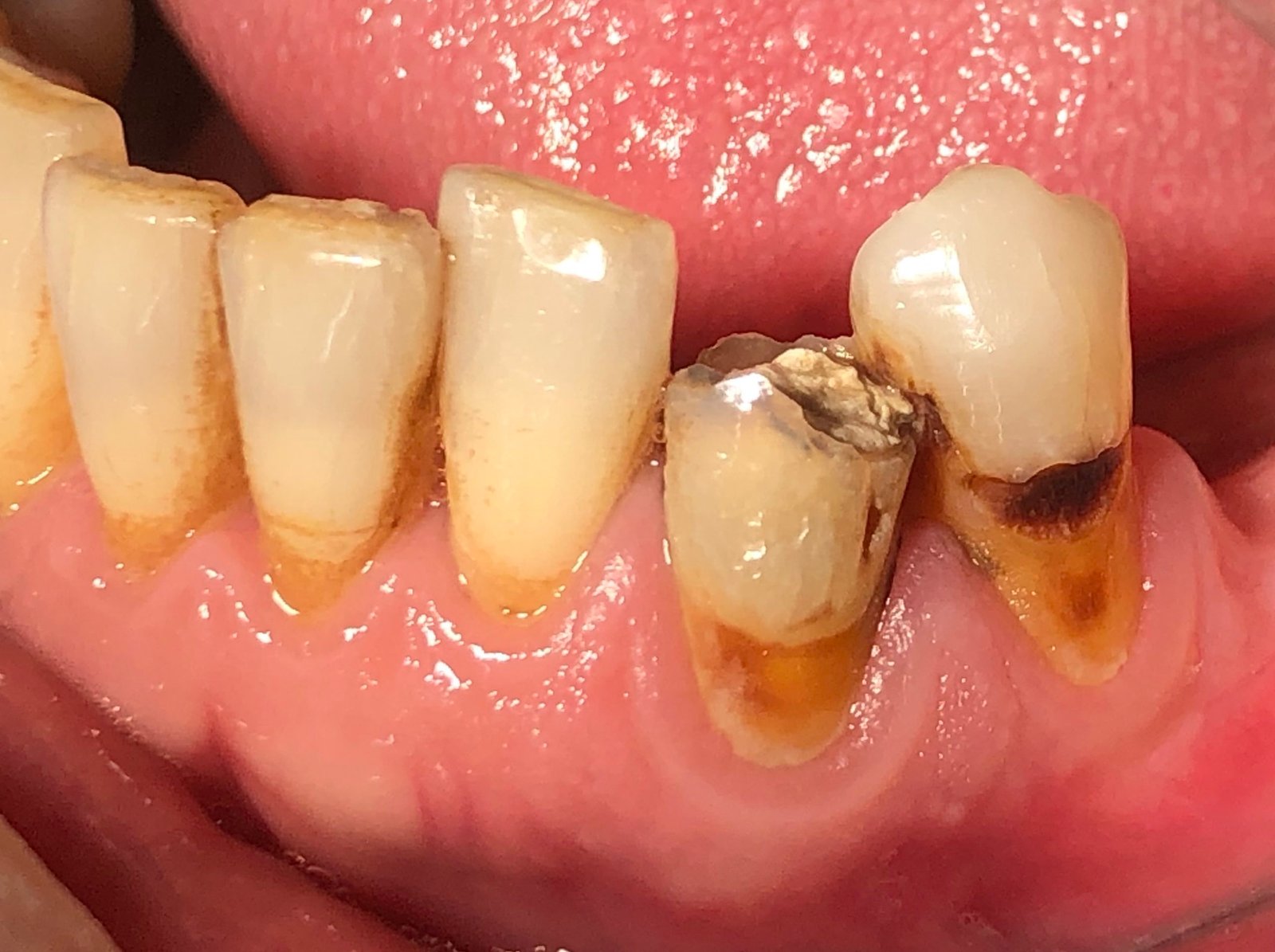 Dentadura antes de un tratamiento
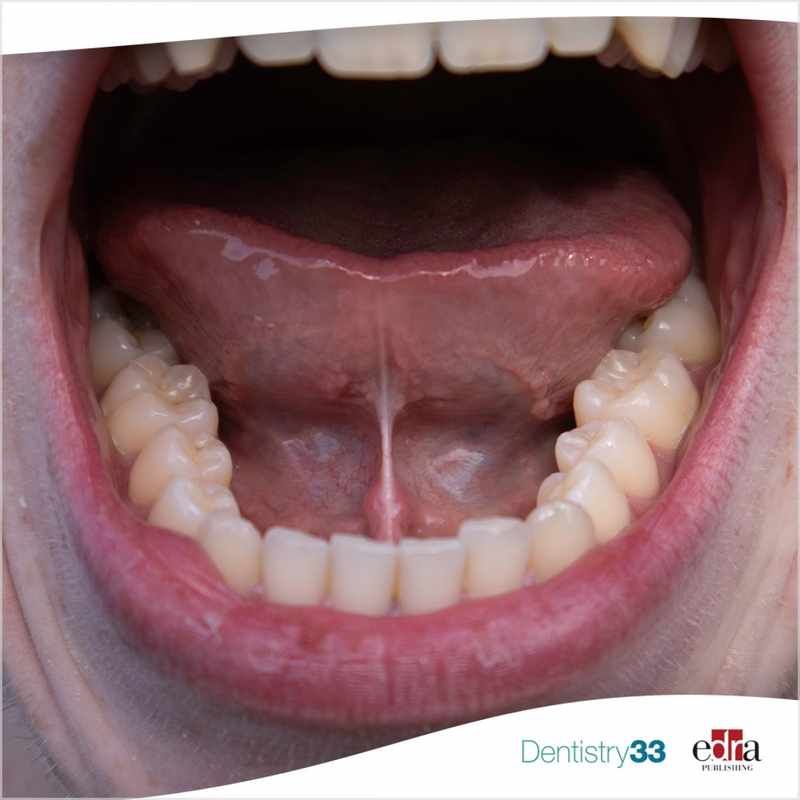 The Bump On Frenulum Under Tongue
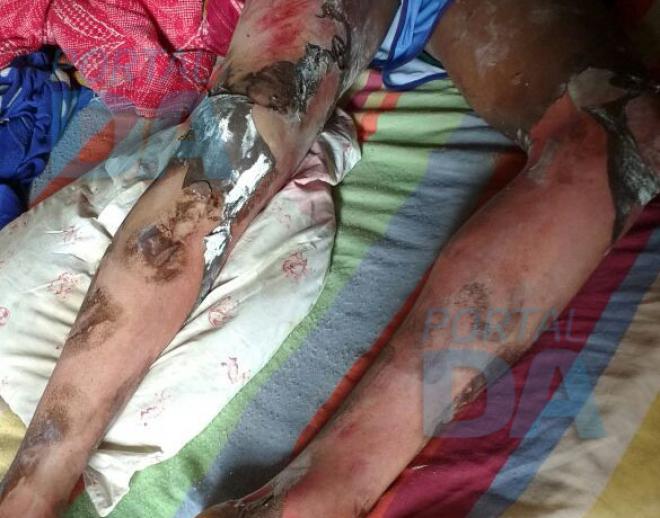 Um dos adolescentes que participou do atentado foi encontrado em casa, com queimaduras generalizadas 
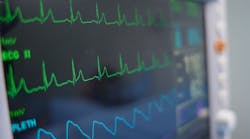 66759ed253a6a831f8eac00b Deadtime Compensation Opportunities And Realities 66759ed253a6a831f8eac00b Deadtime Compensation Opportunities And Realities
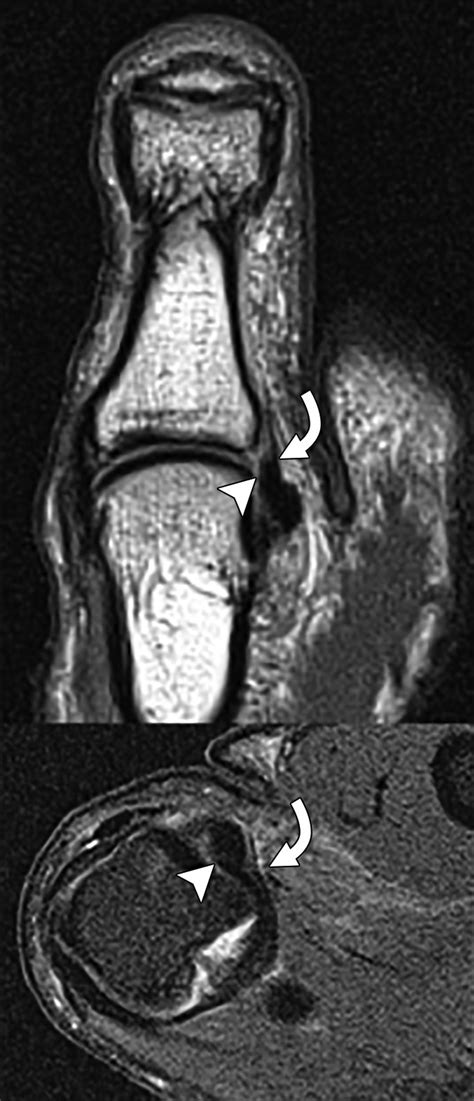 Mri Of The Fingers An Update Ajr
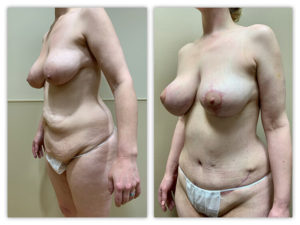 Before and After Image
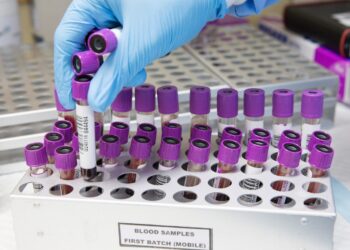 Des tests sérologiques déployés sous peu pour voir l’étendue réelle du Covid-19 en Suisse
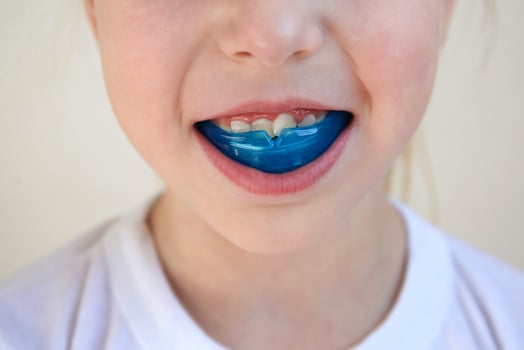 Dental simulator for teeth alignment . The child has mouth guards on his teeth. photo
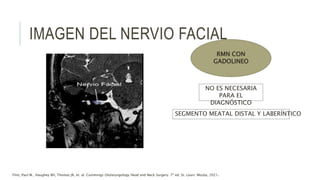 IMAGEN DEL NERVIO FACIAL
RMN CON
GADOLINEO
NO ES NECESARIA
PARA EL
DIAGNÓSTICO
SEGMENTO MEATAL DISTAL Y LABERÍNTICO
Flint, Paul W., Haughey BH, Thomas JR, et. al. Cummings Otolaryngology Head and Neck Surgery. 7ª ed. St. Louis: Mosby, 2021.
 
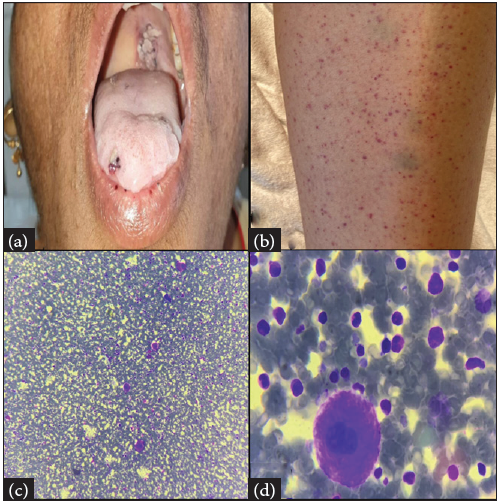 (a–b): Clinical photograph showing petechiae over (a) Lower lip; (b) Lower limb; (c–d): Bone marrow aspirate showing trilineage hematopoiesis with increased Megakaryocytes (c) 100x and (d) 1000x.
******
Problem requirements:
If a record holds a picture, leave that picture out; retype everything else exactly.

Response box:
 Dentadura antes de un tratamiento
 The Bump On Frenulum Under Tongue
 Um dos adolescentes que participou do atentado foi encontrado em casa, com queimaduras generalizadas 
 66759ed253a6a831f8eac00b Deadtime Compensation Opportunities And Realities 66759ed253a6a831f8eac00b Deadtime Compensation Opportunities And Realities
 Mri Of The Fingers An Update Ajr
 Before and After Image
 Des tests sérologiques déployés sous peu pour voir l’étendue réelle du Covid-19 en Suisse
 Dental simulator for teeth alignment . The child has mouth guards on his teeth. photo
 IMAGEN DEL NERVIO FACIAL
RMN CON
GADOLINEO
NO ES NECESARIA
PARA EL
DIAGNÓSTICO
SEGMENTO MEATAL DISTAL Y LABERÍNTICO
Flint, Paul W., Haughey BH, Thomas JR, et. al. Cummings Otolaryngology Head and Neck Surgery. 7ª ed. St. Louis: Mosby, 2021.
 
 (a–b): Clinical photograph showing petechiae over (a) Lower lip; (b) Lower limb; (c–d): Bone marrow aspirate showing trilineage hematopoiesis with increased Megakaryocytes (c) 100x and (d) 1000x.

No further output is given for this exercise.